Task item: Take the lines from the one with "this 400×250 image." through the end of the material below and repeat them exactly, dropping every picture.
START Provided information
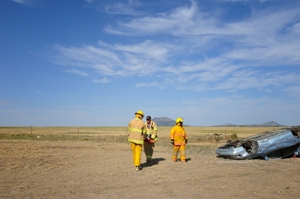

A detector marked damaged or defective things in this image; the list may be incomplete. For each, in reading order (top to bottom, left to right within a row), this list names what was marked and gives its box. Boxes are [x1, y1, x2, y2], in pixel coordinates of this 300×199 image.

broken metal panel [214, 127, 300, 160]
wrecked car [216, 126, 300, 160]
overturned car [216, 126, 300, 161]
crumpled car body [216, 127, 300, 160]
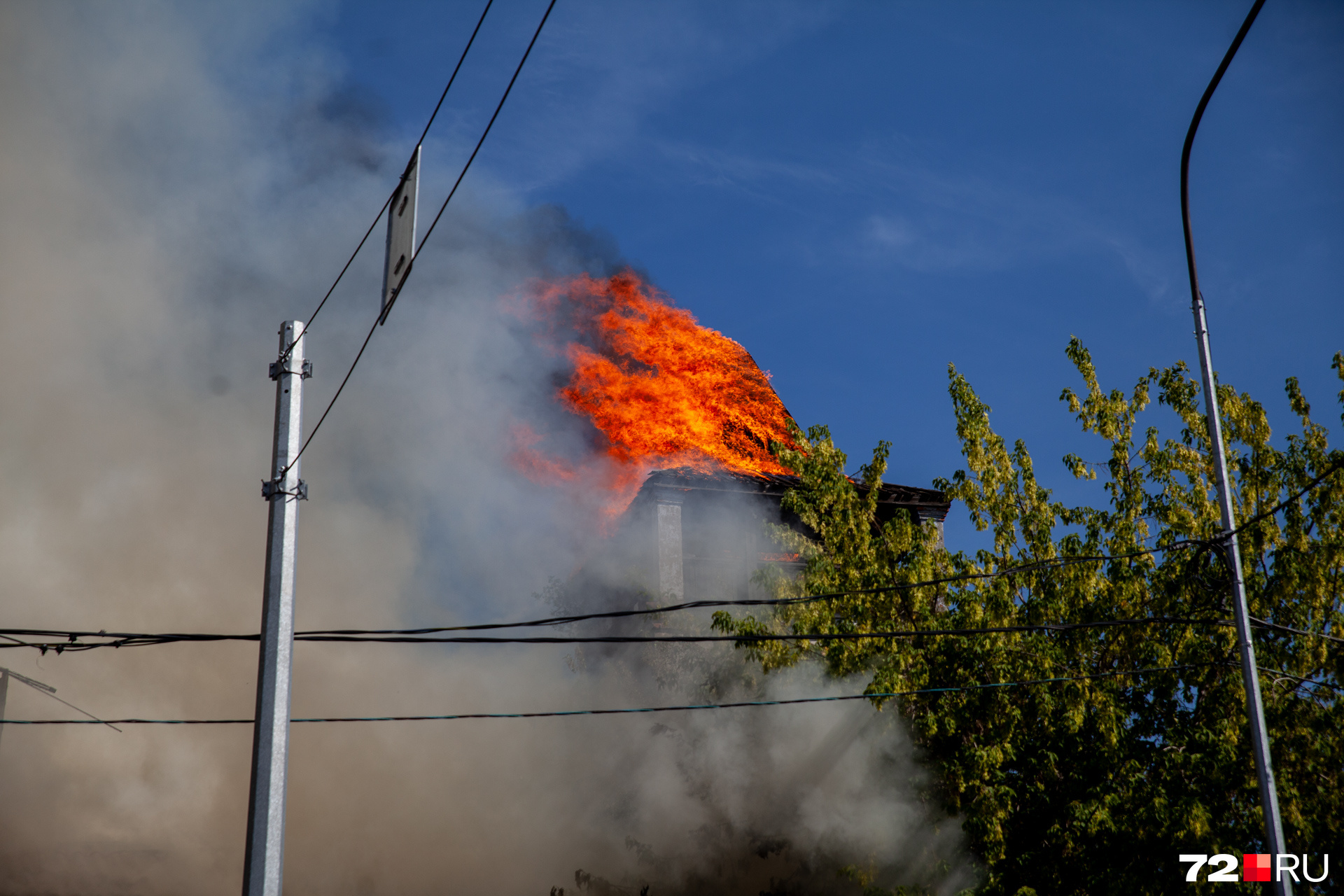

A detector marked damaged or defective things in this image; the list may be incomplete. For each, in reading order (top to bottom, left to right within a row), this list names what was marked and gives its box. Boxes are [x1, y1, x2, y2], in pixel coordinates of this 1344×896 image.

charred roof timber [623, 470, 951, 601]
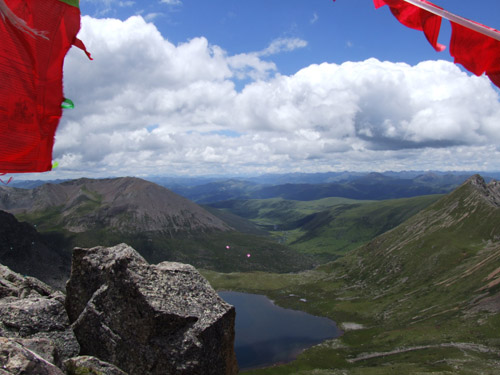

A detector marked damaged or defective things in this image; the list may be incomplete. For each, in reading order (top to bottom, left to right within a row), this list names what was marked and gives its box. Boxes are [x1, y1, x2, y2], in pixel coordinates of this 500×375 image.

torn red fabric [0, 0, 85, 173]
torn red fabric [372, 0, 446, 52]
torn red fabric [450, 21, 500, 88]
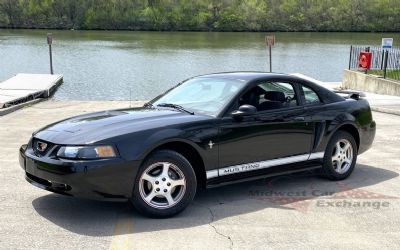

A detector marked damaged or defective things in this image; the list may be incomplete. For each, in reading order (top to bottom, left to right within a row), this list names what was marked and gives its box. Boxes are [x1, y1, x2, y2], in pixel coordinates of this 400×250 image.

crack in pavement [205, 206, 233, 249]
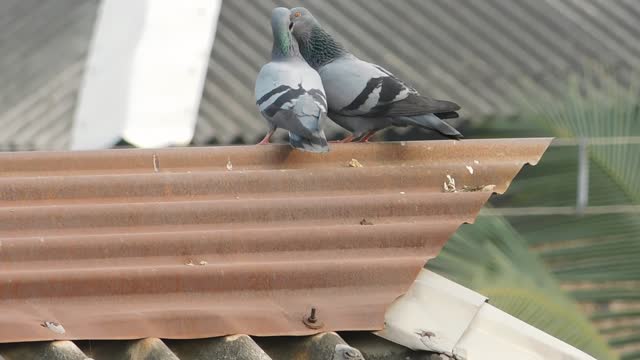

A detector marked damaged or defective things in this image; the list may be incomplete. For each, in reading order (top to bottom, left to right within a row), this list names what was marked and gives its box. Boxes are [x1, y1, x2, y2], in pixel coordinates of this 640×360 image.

rusty corrugated metal roof [0, 139, 552, 344]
END Provided information
Response box:
A detector marked damaged or defective things in this image; the list may be incomplete. For each, in reading order (top to bottom, left to right within a row), this list names what was marked and gives its box. Boxes are [x1, y1, x2, y2], in pixel coordinates of this 400×250 image.

crack in pavement [205, 206, 233, 249]

A detector marked damaged or defective things in this image; the list may be incomplete. For each, in reading order (top to bottom, left to right within a row), this list names what was marked and gives its box. Boxes are [x1, y1, x2, y2], in pixel coordinates of this 640×360 image.

rusty corrugated metal roof [0, 139, 552, 344]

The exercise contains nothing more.